O que fica superlativo no curta-metragem é a sua curta duração; já ouvi gente dizer que o curta é o espaço natural para a experimentação. De fato acho que ele é, mas acredito que seria experimental mais pela procura de soluções narrativas radicais do que necessariamente pelo o abandono da narrativa. Exemplo: “vamos contar esse documentário sobre HQs do ponto de vista dos personagens?”.
De qualquer forma não dá para garantir 100% a atenção do público. Eu seria leviano em acreditar que tenho ou que mesmo conheço quem tenha esse poder.
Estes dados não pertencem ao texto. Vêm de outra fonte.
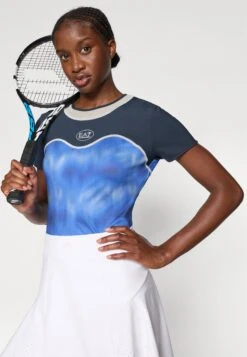 EA7 Emporio Armani TENNIS PRO FREESTYLE TEE - Sports T-shirt - Blue -Total Wear Store 6809e26cf3744a6b899e36a77c85fb32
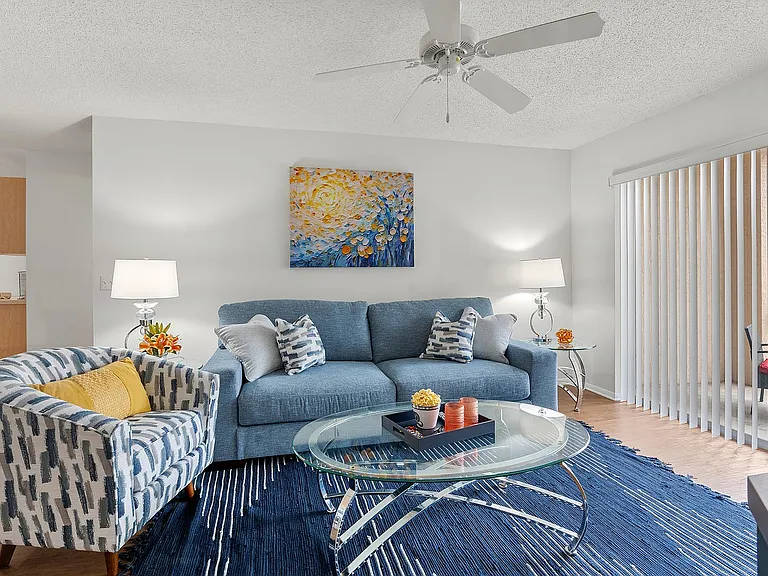 Bella Vista Apartments — Photo 6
Mas há alguns caminhos que parecem ajudar: oferecer alguns desafios para quem está assistindo (as famosas “sacadas”); não subestimar nem superestimar a inteligência de quem assiste; conhecer o contexto do espectador da sua história. Digo isso baseado no que já pude pesquisar e um pouco na minha breve experiência profissional.
Dossiê Rê Bordosa contou com três premiações de expressão (incluindo o 36º Festival de Gramado) na categoria de melhor roteiro, como se deu o processo de elaboração do material? O que em sua opinião pode ter resultado no sucesso do roteiro?
O Dossiê é um projeto elaborado pelo César Cabral (diretor da Coala Filmes) há pelo menos 5 anos. O César além de um baita diretor sabe escrever muito bem, é muito criativo. Então sempre discutimos muito em cima do roteiro. Ele já estava desenhado em linhas gerais nesse projeto, que serviu como nosso norte: um documentário que desse voz aos personagens do Angeli, e que investigasse a morte da Rê Bordosa.
Agora, algumas decisões complicadas foram tomadas ao longo do processo, como fazer tanto entrevistados quanto personagens em massinha, e o uso extensivo da narração no estilo “Bandido da Luz Vermelha”. Minha experiência com jornalismo (trabalhei por 3 anos na Tv Cultura, no programa “Metrópolis”) ajudou na hora de organizar as falas dos entrevistados e em dar alguma lógica ao documentário.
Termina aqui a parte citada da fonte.